[Captioned web image data]
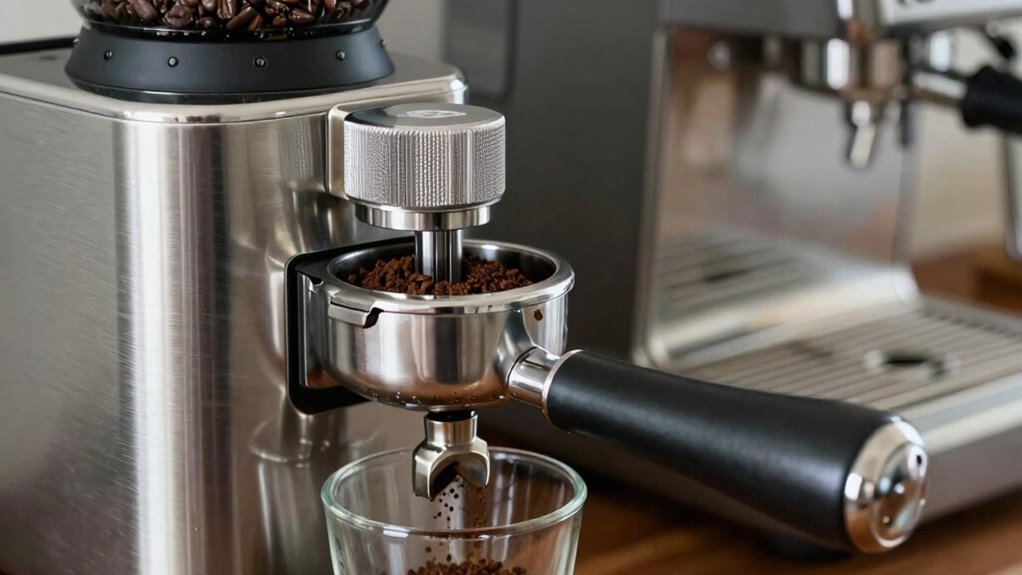 selecting an espresso grinder
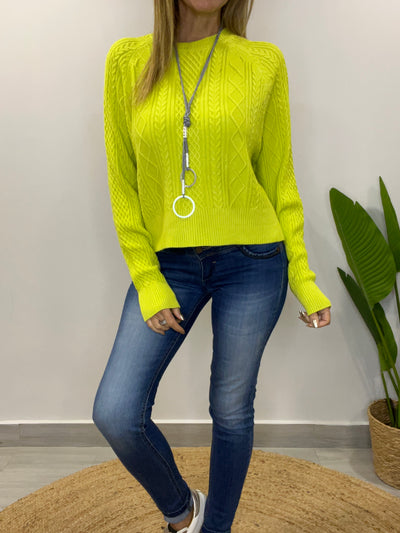 Sweater Design limón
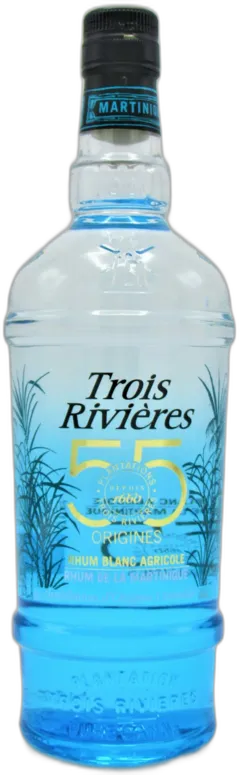 photo du vin Rhum Agricole Martinique Blanc 55 Origines Plantation Trois Rivières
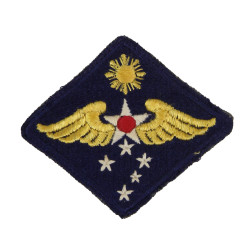 Insigne Far East Air Force, USAAF, fabrication locale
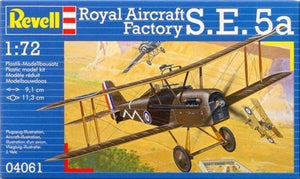 Revell 04061 Royal Aircraft Factory S.E. 5a 1/72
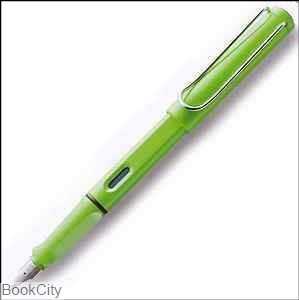 خودنویس بدنه سبز LAMY 13 Safari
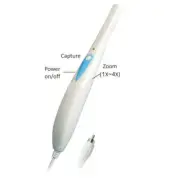 1×Dental Video/RCA Rechargeable Intra oral camera 1/4" CMOS 1.3 Mega EU MD870
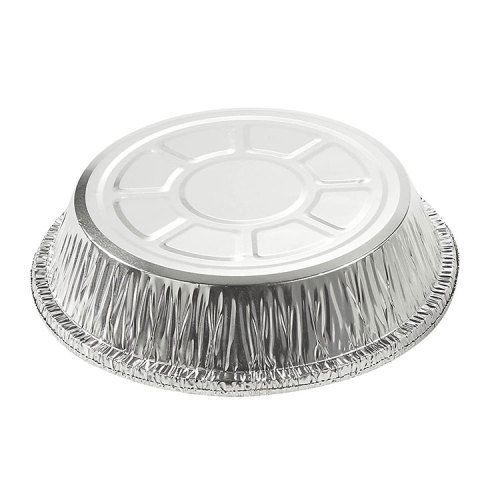 Round Aluminium Foil Container for Cake Bakery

### Exercise:
Locate the line containing "1×Dental Video/RCA Rechargeable" in the records above, then output it and every line after it through the last, excluding pictures.

### Response box:
 1×Dental Video/RCA Rechargeable Intra oral camera 1/4" CMOS 1.3 Mega EU MD870
 Round Aluminium Foil Container for Cake Bakery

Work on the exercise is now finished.